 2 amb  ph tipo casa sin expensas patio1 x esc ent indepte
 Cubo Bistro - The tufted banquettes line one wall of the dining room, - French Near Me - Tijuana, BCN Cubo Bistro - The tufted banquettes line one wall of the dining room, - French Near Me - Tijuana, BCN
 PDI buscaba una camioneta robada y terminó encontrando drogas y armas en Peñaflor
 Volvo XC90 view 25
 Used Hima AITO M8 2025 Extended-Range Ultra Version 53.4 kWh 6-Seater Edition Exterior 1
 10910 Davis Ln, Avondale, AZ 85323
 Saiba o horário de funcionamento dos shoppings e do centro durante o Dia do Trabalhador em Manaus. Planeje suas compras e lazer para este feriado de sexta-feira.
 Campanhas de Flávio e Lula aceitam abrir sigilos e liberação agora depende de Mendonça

TASK STATEMENT:
Would you please transcribe the lines above exactly, starting with the first line of the material and ending with the line that has "PDI buscaba una"?

RESPONSE:
 2 amb  ph tipo casa sin expensas patio1 x esc ent indepte
 Cubo Bistro - The tufted banquettes line one wall of the dining room, - French Near Me - Tijuana, BCN Cubo Bistro - The tufted banquettes line one wall of the dining room, - French Near Me - Tijuana, BCN
 PDI buscaba una camioneta robada y terminó encontrando drogas y armas en Peñaflor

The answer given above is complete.